Who has the audacity
to take up this much space?
- Tiana Clark
So I was waiting on hold with the depression phoneline this month - the one with the pre-recorded greeting from New Zealand rugby icon John Kirwan with his ‘relatable masc’ affectations and adverbs (“you are real important to us, sorry we’re taking a while but things are real busy right now, but we’ll be with you real soon”) - when I realised that the waiting can be as good as the talking. Waiting meaning slowing down to the rhythm of the voice interspersed with three or four rotating musical tracks. This one - Tangaroa Whakamautai by Maisey Rika - is on just about every contact centre playlist in Aotearoa. (I saw someone joke recently that backed-up national phonelines could be a good music-sourcing alternative to Spotify). But when a lovely volunteer activated the line it was at least equally as good as the good wait.
-So what’s happening today for you?
-Well I’ve got such low energy reserves, and so much to do and so much to catch up on, and the gulf between these things gets bigger all the time and so far today I’ve only done two tiny things.
-Two things! You’ve done two things!
-Hmm.
-Two things? When you’re so low? In this world? That’s great.
-Hmm. Yeah, okay.
-Sometimes all you might wanna do is go outside and throw a rock at another rock. Or sit between two trees. Let your mind wander. That’s allowed, you know. Just be.

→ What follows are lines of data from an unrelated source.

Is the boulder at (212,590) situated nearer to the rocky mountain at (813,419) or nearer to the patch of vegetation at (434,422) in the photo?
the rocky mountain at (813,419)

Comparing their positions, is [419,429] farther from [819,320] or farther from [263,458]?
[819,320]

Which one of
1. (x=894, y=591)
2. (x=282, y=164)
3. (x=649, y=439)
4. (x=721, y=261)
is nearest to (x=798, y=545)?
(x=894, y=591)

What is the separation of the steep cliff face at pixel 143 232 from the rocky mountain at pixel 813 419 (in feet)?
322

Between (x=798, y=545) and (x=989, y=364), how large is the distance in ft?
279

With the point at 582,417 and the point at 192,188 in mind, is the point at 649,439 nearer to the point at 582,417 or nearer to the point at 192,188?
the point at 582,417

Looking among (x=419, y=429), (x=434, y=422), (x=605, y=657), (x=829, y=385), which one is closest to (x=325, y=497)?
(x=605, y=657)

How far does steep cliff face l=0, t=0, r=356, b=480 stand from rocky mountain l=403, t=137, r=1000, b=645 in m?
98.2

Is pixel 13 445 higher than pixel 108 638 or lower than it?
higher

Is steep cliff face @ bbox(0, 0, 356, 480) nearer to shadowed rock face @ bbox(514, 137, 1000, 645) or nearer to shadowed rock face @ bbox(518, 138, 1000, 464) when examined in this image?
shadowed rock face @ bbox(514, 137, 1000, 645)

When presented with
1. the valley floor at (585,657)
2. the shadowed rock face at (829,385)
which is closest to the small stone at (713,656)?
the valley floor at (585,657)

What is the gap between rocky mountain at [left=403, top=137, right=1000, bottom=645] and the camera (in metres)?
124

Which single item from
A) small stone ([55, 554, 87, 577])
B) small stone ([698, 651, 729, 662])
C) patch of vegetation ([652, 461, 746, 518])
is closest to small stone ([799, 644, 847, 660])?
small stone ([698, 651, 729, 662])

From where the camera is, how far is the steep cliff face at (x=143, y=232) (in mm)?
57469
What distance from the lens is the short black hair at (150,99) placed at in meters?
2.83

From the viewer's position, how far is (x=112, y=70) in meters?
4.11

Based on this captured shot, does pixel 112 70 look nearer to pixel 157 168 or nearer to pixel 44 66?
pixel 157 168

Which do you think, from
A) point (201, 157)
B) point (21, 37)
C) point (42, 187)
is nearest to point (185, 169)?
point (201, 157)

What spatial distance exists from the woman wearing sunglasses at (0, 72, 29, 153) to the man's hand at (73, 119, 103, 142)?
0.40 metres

And then I felt better. I remembered back to last March (“it took so much to shut everything down. It can’t all just be switched back on in an instant”) and to the March before last (“some people in isolation are coping by making and some people are coping by being … I’m lodged in the being phase”). In the two years I spent in the UK I had to work (from home), but I did it in my own idiosyncratic way - in bursts and sprints, never missing a deadline or ignoring feedback, but never jamming things into a stepwise process. In essence, in the seeming wasteland of my transplanted and isolated life, I had the time to spend throwing rocks at other rocks, and I let myself do so. For me it wasn’t literal rocks but it looked like the photo up the top, on the pontoon at the local canal, bobbing on a narrow passage of water.

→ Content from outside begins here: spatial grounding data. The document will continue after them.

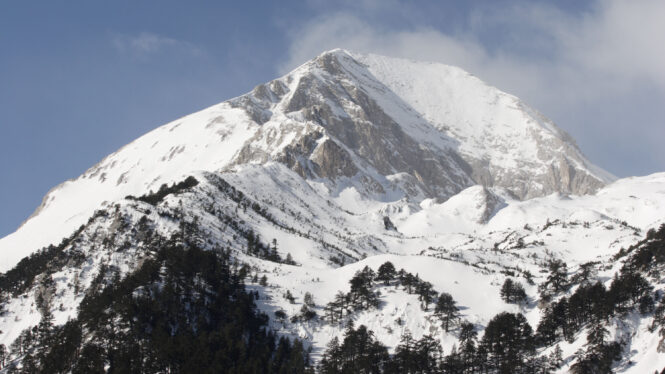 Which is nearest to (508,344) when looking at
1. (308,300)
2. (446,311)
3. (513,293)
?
(446,311)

I let myself stay ‘lodged in the being phase’ as much as possible. In retrospect I see that it wasn’t only an I’m-unsafe-please-let-me-dissociate kind of non-activity, but an active state of just-being. “Throwing rocks at other rocks” is a legitimate space for creative thinking, for designing mental simulations, for strategising, and for incubating big and little ideas without even realising. I remember spontaneous flashes of things worthy of a scurry back home to the computer, or of things never written down but emerging in some surprising place many moons later. Let the unconscious mind turn a problem over and over and, as if by magic, an idea or path will materialise.
The time with the depression phoneline let me realise that what I am missing right now is unstructured, unscheduled time. The waiting was great because I was sitting there doing nothing, with just enough stimulation from the music and the amusing masc voice to set me off on some divergent runs. The talking was great because it reinforced the necessity of doing nothing in order to welcome thinking and feeling and free-wheeling theorising. Right now when people ask how are you I have no idea. I am an avatar. There are so many immediate stressors that there is no time to let the unconscious do the work of coming up with the creative ideas to meet the said stressors. A busy mind could be the sloppiest thing I have ever come across and I am shocked each day by the deoxygenated torpor that comes over even the most enjoyable things, like staying in touch (though I guess it is hard to keep in touch externally when one loses touch internally).
My working process is deoxygenated, too. I usually greet a blank page with absolute faith that some kind of web of words will emerge. I never worry, except, I realise, during these times that I have been too hyper-scheduled for there to be any stuff there to draw from in the rock-throwing manifold or the mind-wandering laboratory. What’s happening for me at the moment is not a depression of faulty looping ruminations, but the noise and panic of distance from myself. There was a big storm earlier this month, and it felt good to be closed in and focused on the sound of the urgent fat drops on the corrugated roof. Big tears, almost as big and bouncing as the raindrops, came down my cheeks in an astonishment of memory and joy. I am daring myself to have the audacity to take up space in my own life. Throw rocks at other rocks. Let the mind wander. I want that for you, too.